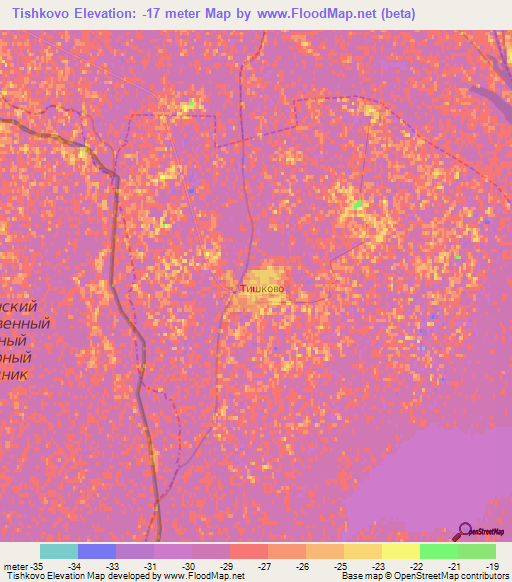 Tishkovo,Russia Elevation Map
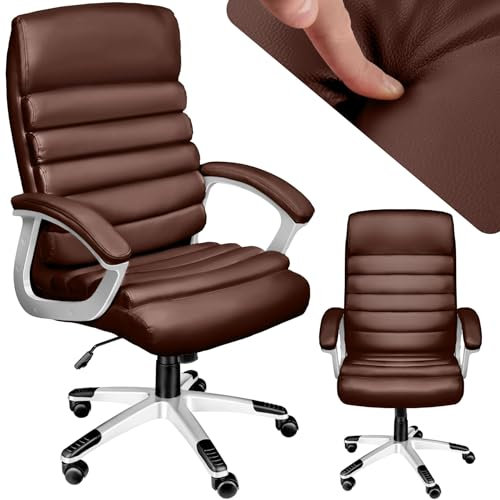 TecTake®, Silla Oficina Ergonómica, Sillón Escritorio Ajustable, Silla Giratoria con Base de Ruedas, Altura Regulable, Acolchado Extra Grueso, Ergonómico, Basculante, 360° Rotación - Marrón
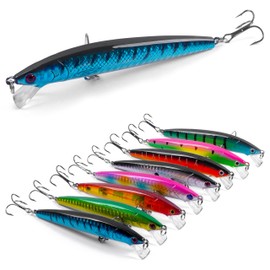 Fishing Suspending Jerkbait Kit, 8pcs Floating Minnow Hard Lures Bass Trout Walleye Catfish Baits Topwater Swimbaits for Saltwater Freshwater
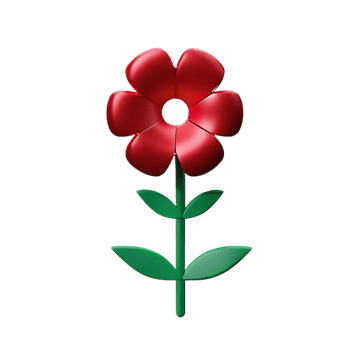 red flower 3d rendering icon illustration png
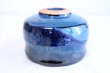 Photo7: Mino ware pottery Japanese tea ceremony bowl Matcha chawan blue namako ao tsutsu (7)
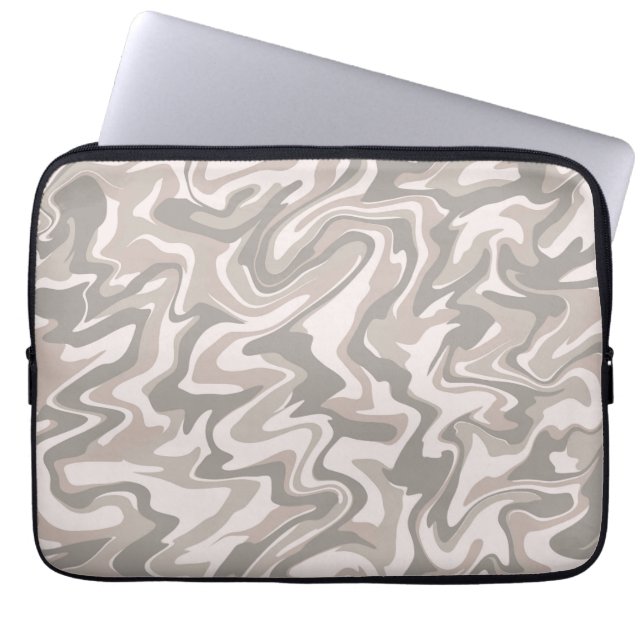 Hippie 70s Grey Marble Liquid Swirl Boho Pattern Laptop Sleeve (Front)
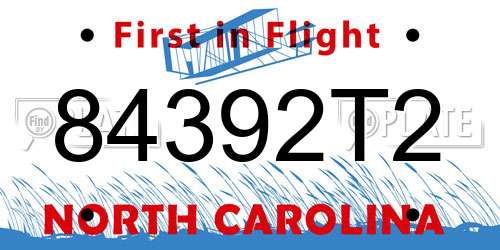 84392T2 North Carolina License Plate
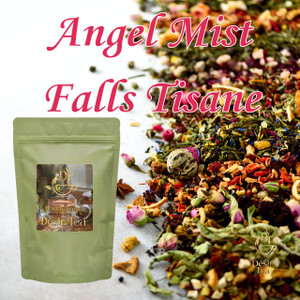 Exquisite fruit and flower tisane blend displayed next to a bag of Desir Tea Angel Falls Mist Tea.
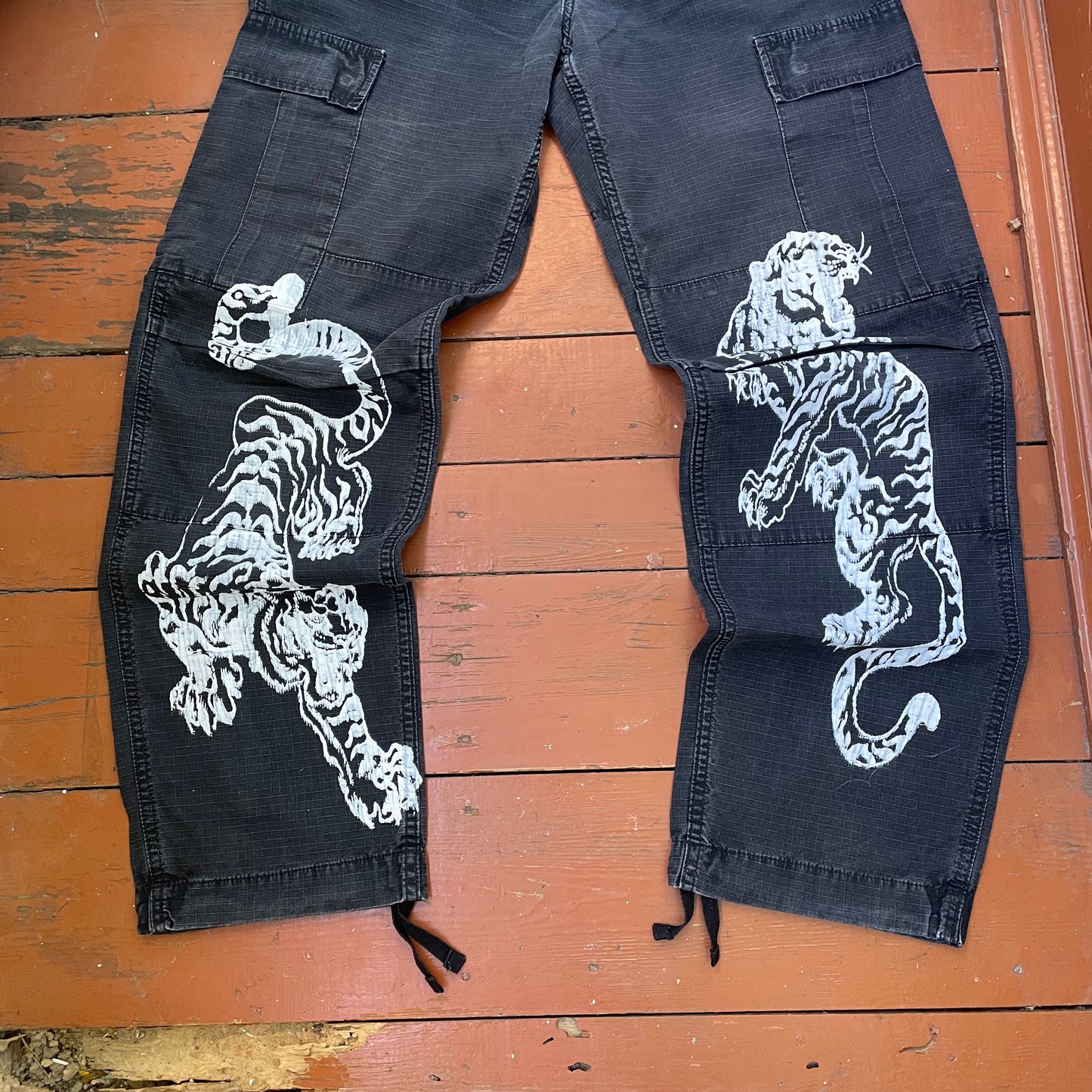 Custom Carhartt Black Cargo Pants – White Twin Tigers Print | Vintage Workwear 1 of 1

☆ ☆ ☆ ☆ ☆ ☆ ☆

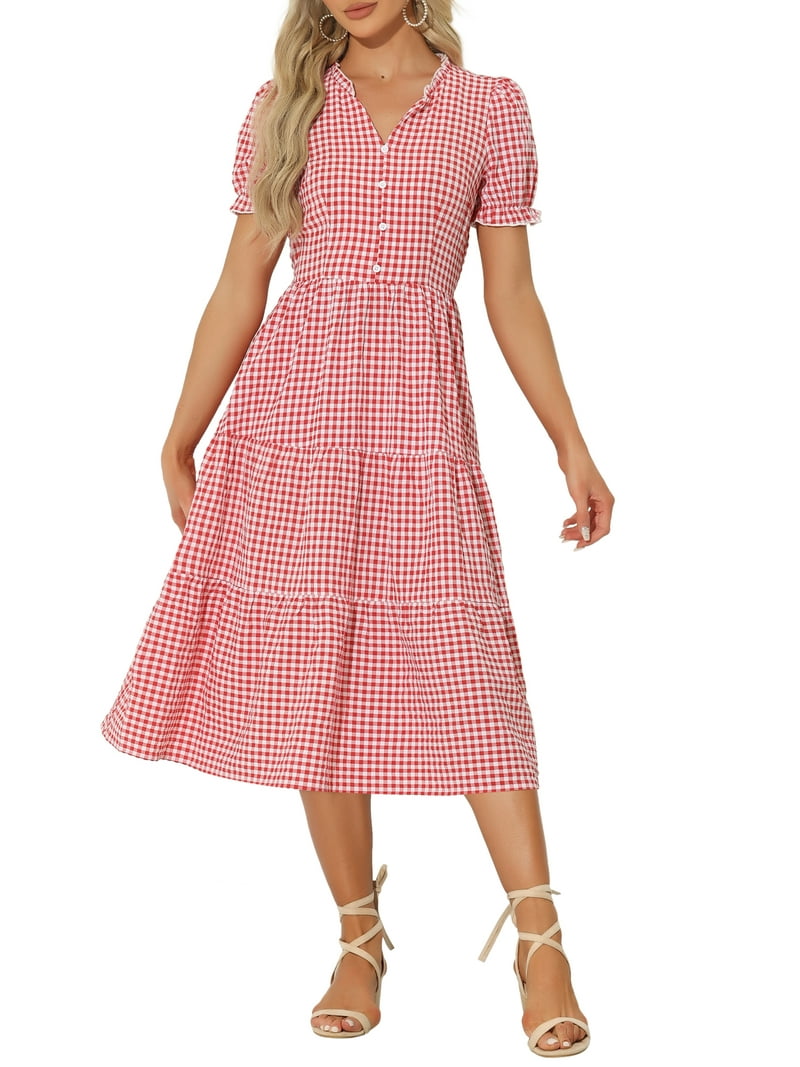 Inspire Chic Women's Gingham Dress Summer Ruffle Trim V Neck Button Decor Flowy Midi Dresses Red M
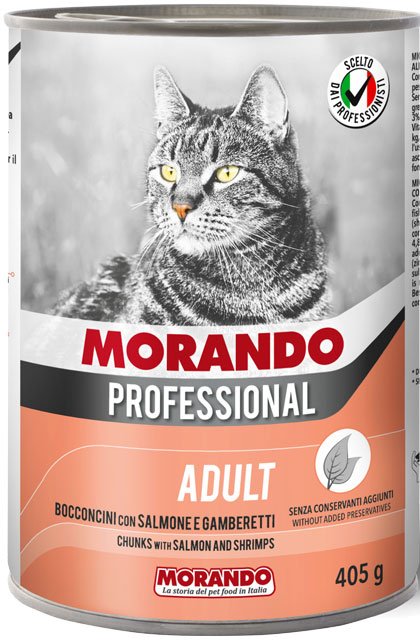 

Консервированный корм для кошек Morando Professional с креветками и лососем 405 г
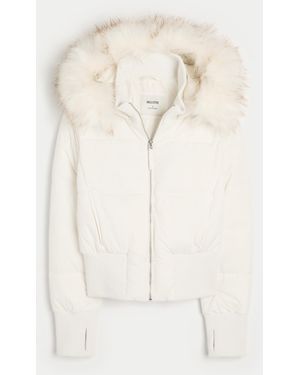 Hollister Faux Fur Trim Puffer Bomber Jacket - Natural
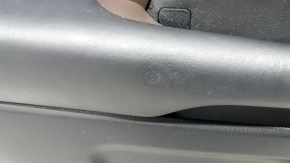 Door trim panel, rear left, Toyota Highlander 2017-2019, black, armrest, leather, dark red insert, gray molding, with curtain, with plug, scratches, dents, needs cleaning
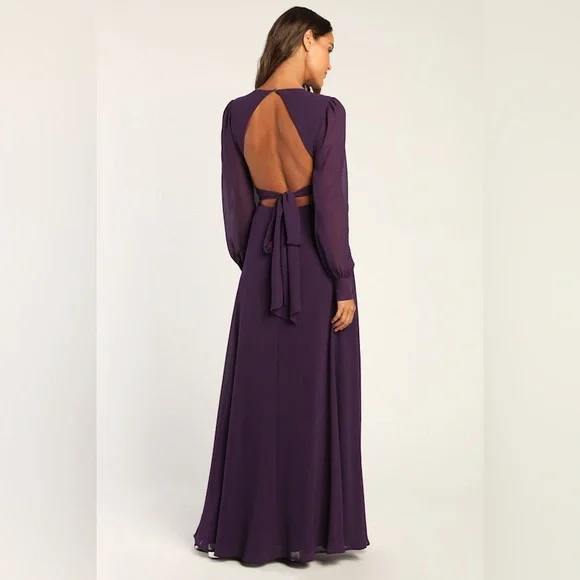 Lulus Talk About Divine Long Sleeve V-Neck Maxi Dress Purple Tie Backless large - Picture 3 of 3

☆ ☆ ☆ ☆ ☆ ☆ ☆

**EXERCISE BRIEF**. Please set down, exactly and with no pictures, the lines in the entries above starting at the one holding "Консервированный корм для" and ending at the one holding "Lulus Talk About", ends included.

**PROBLEM SOLUTION**.
Консервированный корм для кошек Morando Professional с креветками и лососем 405 г
 Hollister Faux Fur Trim Puffer Bomber Jacket - Natural
 Door trim panel, rear left, Toyota Highlander 2017-2019, black, armrest, leather, dark red insert, gray molding, with curtain, with plug, scratches, dents, needs cleaning
 Lulus Talk About Divine Long Sleeve V-Neck Maxi Dress Purple Tie Backless large - Picture 3 of 3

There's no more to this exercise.